Strategie

Beim Poker um Air Berlin spielt der Chef Pichler nicht mehr mit

Die Fluglinie Air Berlin, immerhin die zweitgrößte deutsche Fluggesellschaft, verliert ihre Eigenständigkeit - und ihren Chef Stefan Pichler. Das freut die Lufthansa.

Lufthansa-Chef Carsten Spohr spitzt auf die gesamte Air-Berlin-Flotte.

Der Poker um Air Berlin ist eröffnet. Derzeit scheint die AUA-Mutter Lufthansa die besten Karten in der Hand zu halten, um den kriselnden Konkurrenten auf Sicht komplett zu übernehmen. Währenddessen muss Air-Berlin-Chef Stefan Pichler auf Druck des Air Berlin-Großaktionärs Etihad gehen. "Die Tage von Pichler bei Air Berlin sind vorbei", erklärte eine mit der Sache vertraute Person.

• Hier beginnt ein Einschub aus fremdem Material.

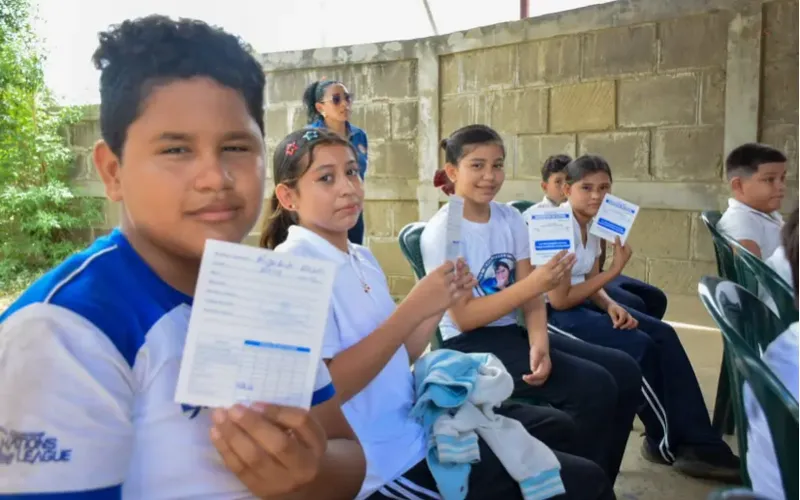 MINSA aplica vacunas contra el Virus de Papiloma Humano a estudiantes del Distrito III de Managua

Pichlers Aufgabe sei mit der Neuausrichtung der zweitgrößten deutschen Fluglinie erledigt. Sein Nachfolger ist Ex-Germanwings-Chef Thomas Winkelmann, der derzeit für die Lufthansa den Flugverkehr in München leitet. 

Zerrüttetes Verhältnis

Der frühere Thomas-Cook-Manager Pichler hatte den Chefposten bei dem Lufthansa-Konkurrenten im Februar 2015 übernommen. Zuvor hatte er Airlines in Australien, Kuwait und den Fidschi-Inseln gemanagt. Air Berlin steckte bereits damals in einer tiefen Krise, nachdem Gründer und Langzeit-Chef Joachim Hunold nach Anfangserfolgen im Tourismusverkehr die Firma zum Lufthansa-Rivalen aufbauen wollte. Darauf folgte ein schneller Expansionskurs und Übernahmen von etwa DBA und LTU, die aber kaum integriert wurden.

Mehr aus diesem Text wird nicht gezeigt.